Per quest’ultimo fenomeno i casi più significativi sembrano quelli di Capua e di Napoli. L’ascesa della prima, da ricondurre alla sua promozione a sede del governatore (corrector) della nuova provincia della Campania, creata nel contesto della riorganizzazione amministrativa attuata da Diocleziano, comporta un riassetto della gerarchia dei centri urbani dell’area, penalizzante per quelli minori, il cui declino coincide proprio con l’ascesa di Capua. Questa però nei secoli seguenti conosce a sua volta un inarrestabile declino e un definitivo abbandono nell’841, e risorge poi nell’856 in un’ansa del Volturno, sito considerato più sicuro. Il caso di Napoli è più complesso, ma non può non essere considerato paradigmatico il provvedimento di Narsete, che nel 535, per ripopolare la città dopo i massacri provocati dalle operazioni belliche nell’ambito della guerra greco-gotica, vi deporta gli abitanti di Cuma, Pozzuoli, Nola, Stabia, Sorrento, con conseguenze sul popolamento di quei centri che è facile immaginare in un periodo di generalizzato calo demografico. Altri esempi di mutamenti di posizione nella gerarchia urbana delle varie aree regionali sono rappresentati da Aosta, Aquileia, Cervia, Chiusi, Formia, che perdono di importanza rispetto al passato romano, e di Lucca, Firenze, Salerno, Bari, che invece ne acquistano.
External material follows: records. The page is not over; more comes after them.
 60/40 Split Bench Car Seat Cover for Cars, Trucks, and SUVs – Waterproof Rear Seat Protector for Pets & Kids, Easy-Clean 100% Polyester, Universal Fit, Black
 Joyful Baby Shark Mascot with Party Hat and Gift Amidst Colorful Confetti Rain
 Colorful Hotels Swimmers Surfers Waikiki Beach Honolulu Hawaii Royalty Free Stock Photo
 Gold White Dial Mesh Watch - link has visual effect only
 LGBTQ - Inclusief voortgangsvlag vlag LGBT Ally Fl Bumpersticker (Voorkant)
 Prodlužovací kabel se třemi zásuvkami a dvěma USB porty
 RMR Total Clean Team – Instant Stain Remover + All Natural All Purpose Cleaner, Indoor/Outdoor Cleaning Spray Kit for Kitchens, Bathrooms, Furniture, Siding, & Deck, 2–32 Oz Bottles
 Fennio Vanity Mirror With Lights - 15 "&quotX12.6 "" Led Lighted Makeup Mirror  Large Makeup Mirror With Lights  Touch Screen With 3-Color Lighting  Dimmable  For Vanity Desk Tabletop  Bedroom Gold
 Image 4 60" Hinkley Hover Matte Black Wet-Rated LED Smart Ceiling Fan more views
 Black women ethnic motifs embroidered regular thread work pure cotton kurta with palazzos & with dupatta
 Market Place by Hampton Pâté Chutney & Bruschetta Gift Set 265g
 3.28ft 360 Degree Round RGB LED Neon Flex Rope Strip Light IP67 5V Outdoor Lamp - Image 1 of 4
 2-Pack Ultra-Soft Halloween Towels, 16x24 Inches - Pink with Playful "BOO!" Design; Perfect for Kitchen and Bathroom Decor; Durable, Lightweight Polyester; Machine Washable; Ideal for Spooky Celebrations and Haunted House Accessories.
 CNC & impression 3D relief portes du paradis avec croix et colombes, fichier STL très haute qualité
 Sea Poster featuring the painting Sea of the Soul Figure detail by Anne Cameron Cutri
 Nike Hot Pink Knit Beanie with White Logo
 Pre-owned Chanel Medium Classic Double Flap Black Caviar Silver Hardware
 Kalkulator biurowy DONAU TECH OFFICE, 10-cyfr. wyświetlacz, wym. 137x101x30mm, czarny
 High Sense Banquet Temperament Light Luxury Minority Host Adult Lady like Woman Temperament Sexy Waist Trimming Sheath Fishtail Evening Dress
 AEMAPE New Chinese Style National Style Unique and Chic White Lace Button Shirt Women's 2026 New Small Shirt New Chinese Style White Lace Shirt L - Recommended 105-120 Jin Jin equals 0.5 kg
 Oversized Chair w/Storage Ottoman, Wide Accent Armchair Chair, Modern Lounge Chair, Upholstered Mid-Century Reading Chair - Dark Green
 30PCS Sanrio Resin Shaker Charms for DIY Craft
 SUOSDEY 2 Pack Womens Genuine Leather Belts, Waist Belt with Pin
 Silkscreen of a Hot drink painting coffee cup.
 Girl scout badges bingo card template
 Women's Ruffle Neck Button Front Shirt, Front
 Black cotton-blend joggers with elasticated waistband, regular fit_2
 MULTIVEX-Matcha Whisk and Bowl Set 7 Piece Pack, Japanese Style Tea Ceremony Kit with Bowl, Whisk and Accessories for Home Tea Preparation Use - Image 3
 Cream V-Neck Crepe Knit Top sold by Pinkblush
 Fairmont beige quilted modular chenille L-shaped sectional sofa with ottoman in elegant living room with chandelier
Ne deriva il quadro generale di una realtà urbana molto complessa e articolata, oltre che mutevole nel corso del tempo: ogni città è un caso a sé, con vicende che possono essere capite non solo nel contesto dei vari ambiti territoriali, ma anche nel panorama generale dell’Italia, dove continua pur sempre a esistere, sebbene con caratteri e ruoli diversi, una rete urbana, sia nei territori conquistati dai Longobardi sia in quelli rimasti sotto il controllo dei Bizantini: gli uni e gli altri destinati ad essere investiti tra VIII e IX secolo da processi che sembrano decisamente espressione di creatività e che pongono le premesse del formarsi dell’urbanesimo medievale, incentrato sul ruolo della città come centro non più di consumo (come era avvenuto in età romana), ma di produzione e di scambi, per cui, anche se continuano a risiedervi i proprietari terrieri dei dintorni, sono sempre più numerosi gli esponenti dei ceti produttivi, i quali danno progressivamente vita a nuove attività economiche.